「前ばっかり向いて努力」元高知商監督の恩師が阪神・藤川監督の目標へ突き進む性格に太鼓判 帽子に書かれた言葉も明かす

 V奪還を目指す阪神・藤川球児新監督(44)への期待を示す企画「球児虎にエール」。今回は元高知商監督で日本高野連の技術・振興委員長を務める正木陽氏(63)が教え子の藤川監督にエールを送った。

  ◇  ◇

 「本当にどこまでも応援します。高校3年間を一緒にやってきてうれしいというよりも誇らしいですね」

 入学時の藤川監督は体の線も細く、最速も125キロ程度。
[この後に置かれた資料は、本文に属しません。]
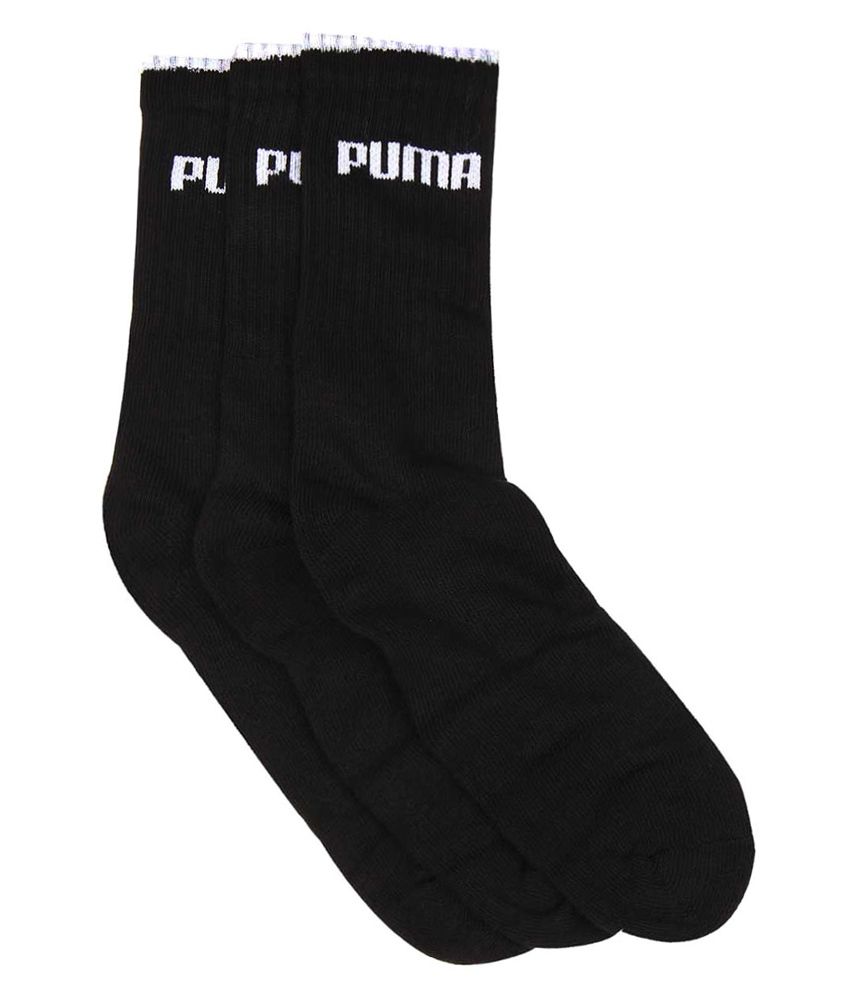 Puma Black Casual Football Socks Men 3 Pair Pack: Buy Online at Low ...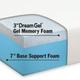 Materasso in memory foam Dream Form da 10 pollici Queen-size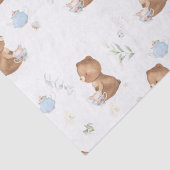 Papier Mousseline Thé de thé Nounours mignon pour deux découpage (Détail)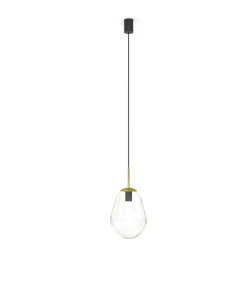 Best Sklep Kaja Prosta lampa wisząca z przezroczystym kloszem 8673 | Kaja Oświetlenie transparentny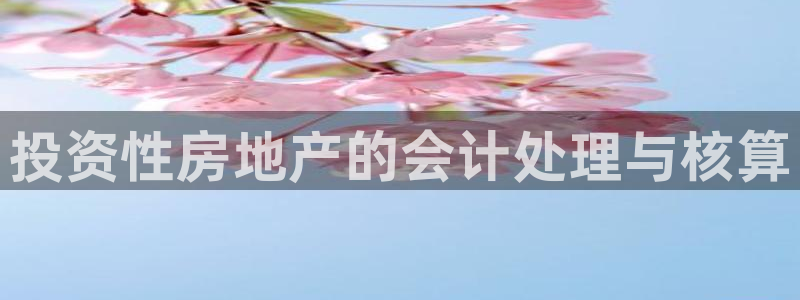 新宝5登录界面：投资性房地产的会计处理与核算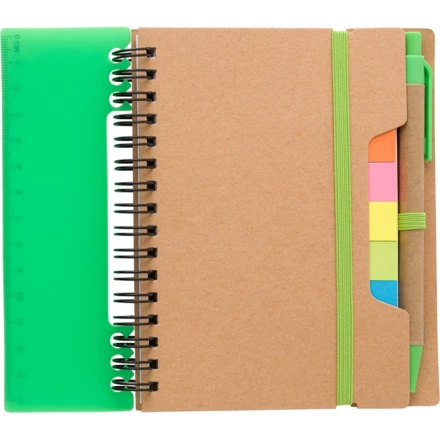 Memo holder, notebook, ball pen, ruler, sticky notes (NAX-V2991-10)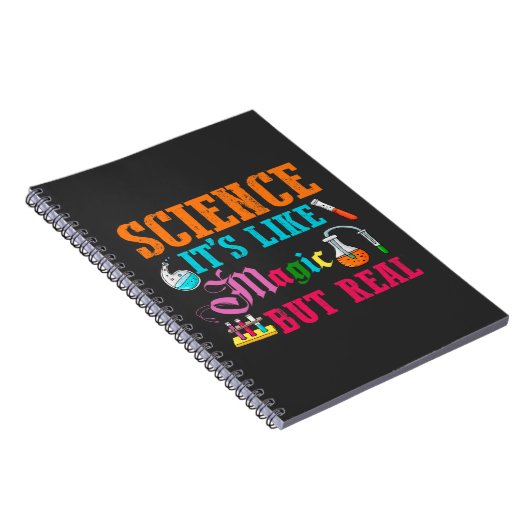 Science Magic Future Scientist Chemistry Student Notizblock (Rechte Seite)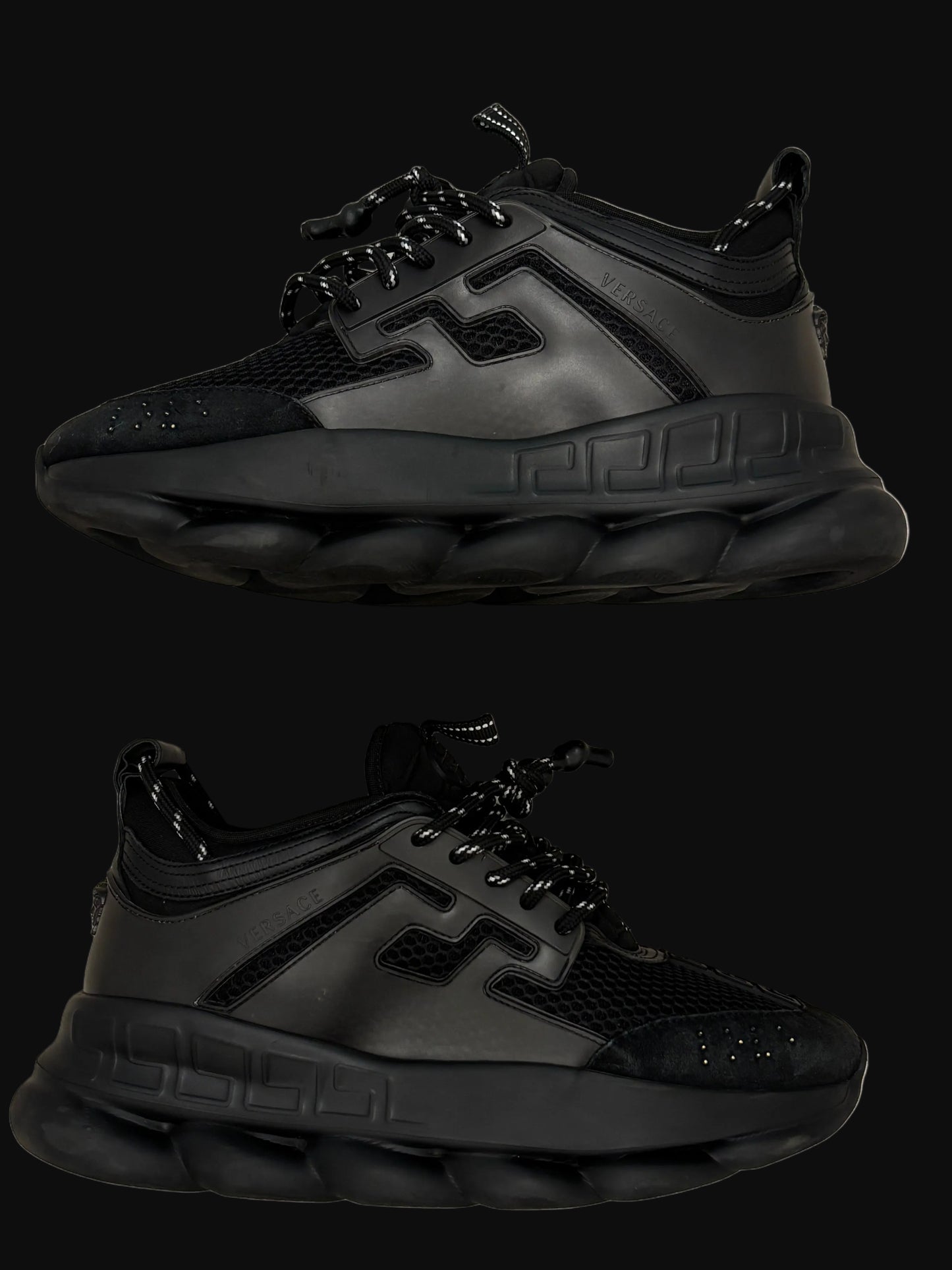 Versace Chain Reaction Sneaker Black - Size 43 - Pre-Owned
それでも「ボールの回転もいいし、柔らかく投げるけどボールが垂れなかった」と、後に火の玉ストレートと称された直球の素質を恩師は感じていた。自宅から高校まで通える距離ではあったが、寮生活を促して食生活などから指導。「好きなことも苦手なこともコツコツやらなあかんということを身につけてもらいたかった」と、高校3年間を共に歩み、阪神ドラフト1位でプロの世界へと送り出した。

 藤川監督は高知商2年の夏に甲子園出場を果たし、日本代表入りも経験。高校球児として華々しいキャリアを送っていたものの、弱気になる一面もあったという。正木氏と同い年で炎のストッパーとして名をはせた元広島・津田恒実氏に憧れた右腕。帽子のつばの裏には「弱気は最大の敵」としたためていた。正木氏は「津田の言葉やないかと言ったのを覚えています。気合で立ち向かっていくことを自分とダブらせていたんじゃないですかね」と懐古した。
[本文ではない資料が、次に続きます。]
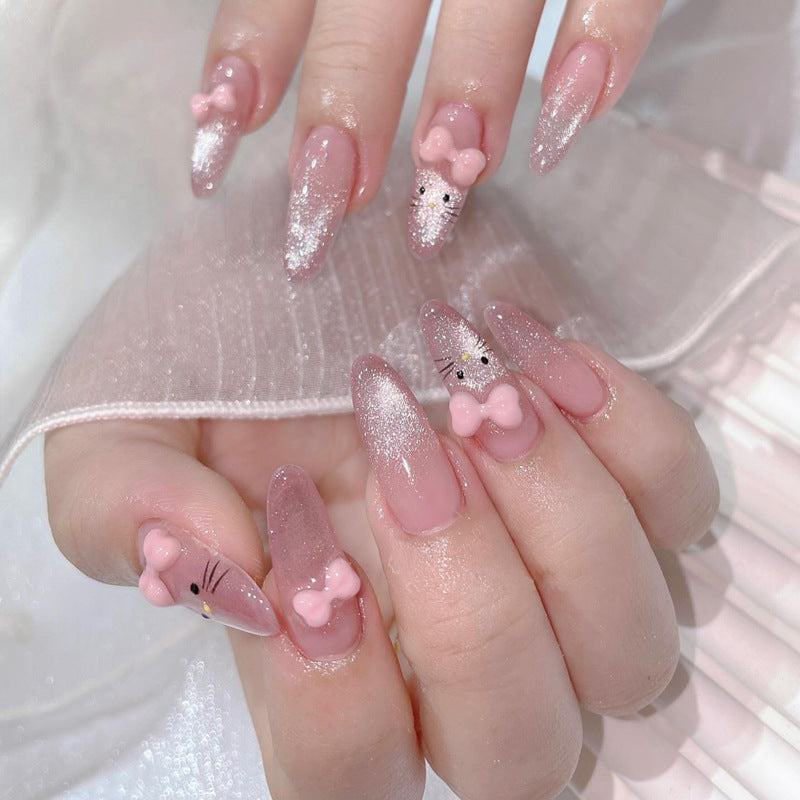 Dekorative Glitzernde Press-On Nail Tips Karnz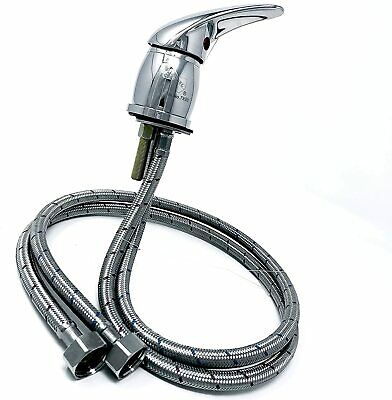 New Chrome Professional Salon Faucet For Sink And Shampoo Backwash Unit Upc 3/4"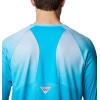 imageColumbia Mens Super Terminal Tackle Vent Long SleeveOcean Blue Terminal Techcamo
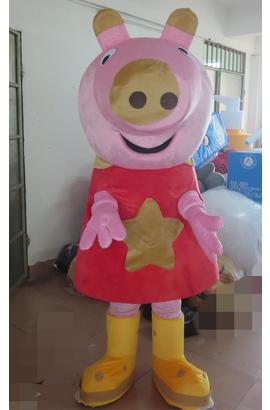 Costume de mascotte d’un cochon de dessin animé peppa pig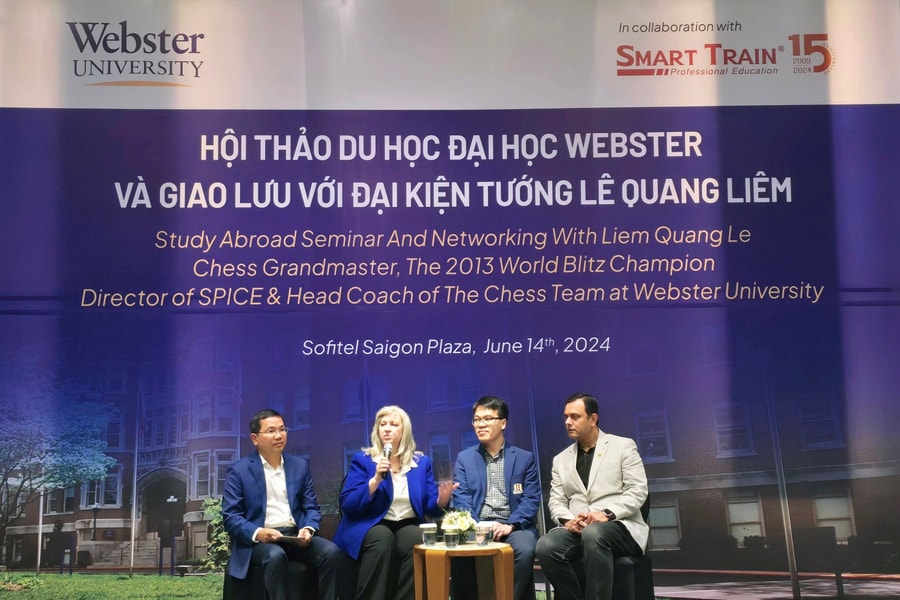 Hội thảo giao lưu với đại kiện tướng cờ vua Lê Quang Liêm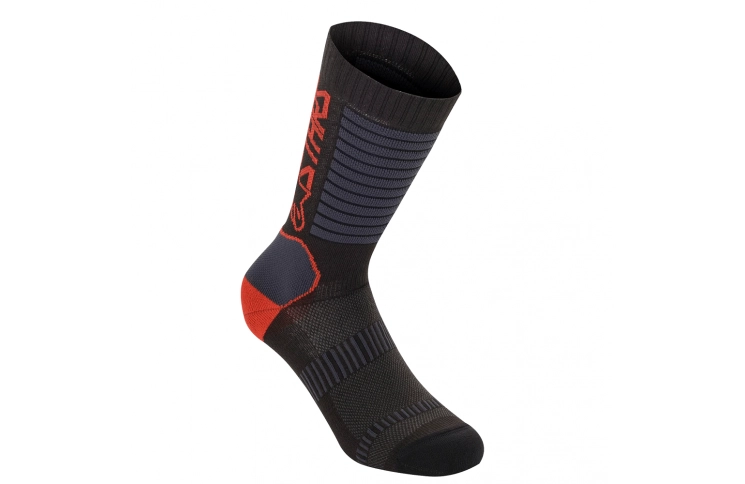 Носки Alpinestars PARAGON LITE SOCKS 19 BLK BRIGHT RED, M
 プロ入り後も長く2軍生活を送り、1軍定着後も故障など苦難を多く味わった藤川監督。その壁を乗り越えていく姿を正木氏は見守ってきた。「注目を浴びるたびにたくましくなる。ウイークポイントを上回る武器を持つことで今の藤川にたどり着いた。立場、環境が人をつくりますね」。剛球で名を上げ、引退後も鋭い洞察力で評論家として野球に関わってきた藤川監督。強みを育み、弱肉強食の世界で生き残るすべを身につけてきた。

 「考えてやったことはうまくいかなくても後悔しない。前ばっかり向いて努力するんですよ」と正木氏。藤川監督の目標に向かって突き進む性格に太鼓判を押し、「良いことも悪いことも経験したうえで監督を引き受けたはず。選手のために優勝するためにやるだけと思っているはず」と背中を押した。
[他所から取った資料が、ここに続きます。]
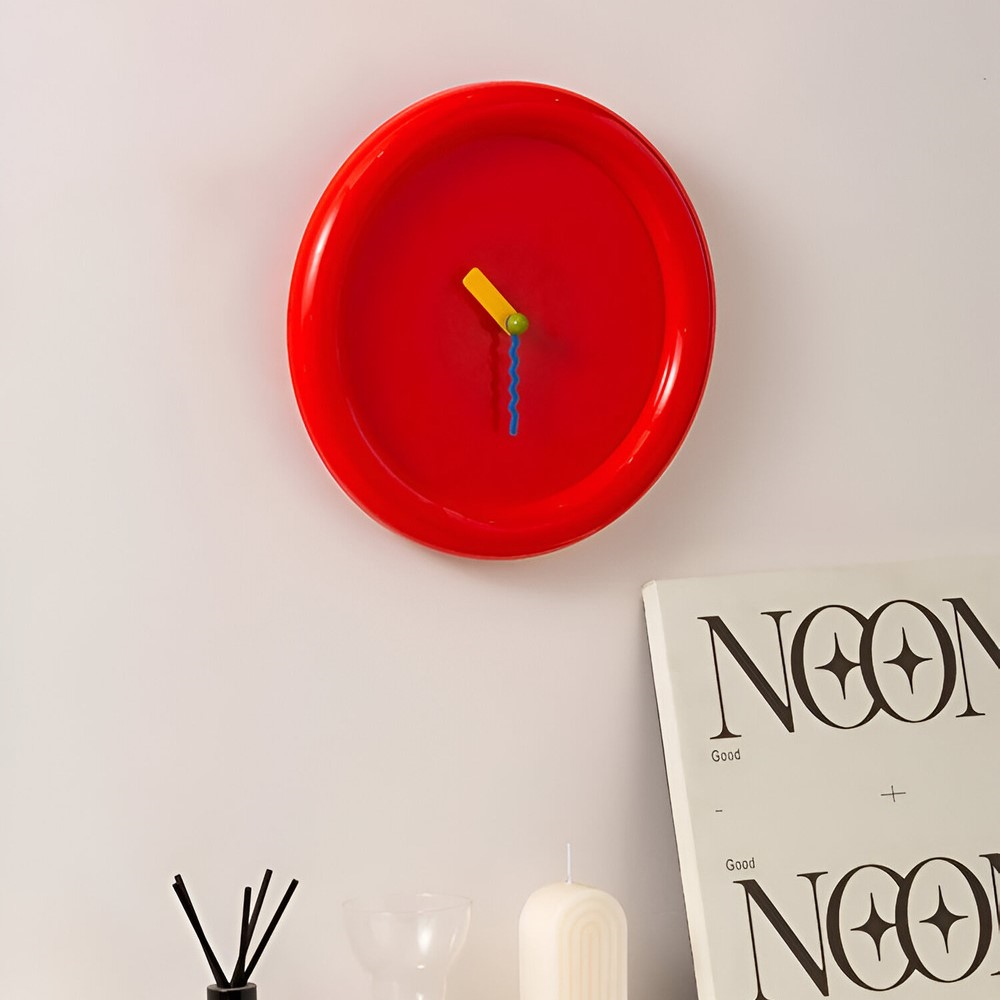Moderne Wandklok 30 cm Kleurvol Design 7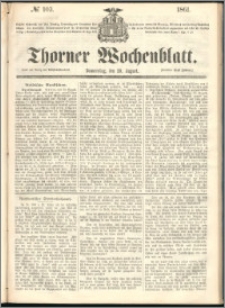 Thorner Wochenblatt 1861, No. 103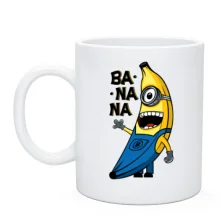 Чашка с миньоном Ba na na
 8日は秋季キャンプを視察し、遠めから藤川監督の姿を目に焼き付けた。「プロ野球の監督は決断するのが仕事だと思う。いいと思ったことを選手に返していけばいい」。真っすぐな生きざまを貫く教え子の新たな舞台での活躍を願った。

 ◇正木 陽(まさき・あきら)1960年11月26日生まれ、63歳。高知市出身。外野手。高知商3年時に夏の甲子園準優勝を経験し、同大に進学。卒業した1983年から母校の教員となった。同校野球部監督としては93年秋~2000年夏、10年春~15年夏に指揮を執り、春1度、夏2度甲子園出場。23年から日本高野連理事、技術・振興委員長を務めている。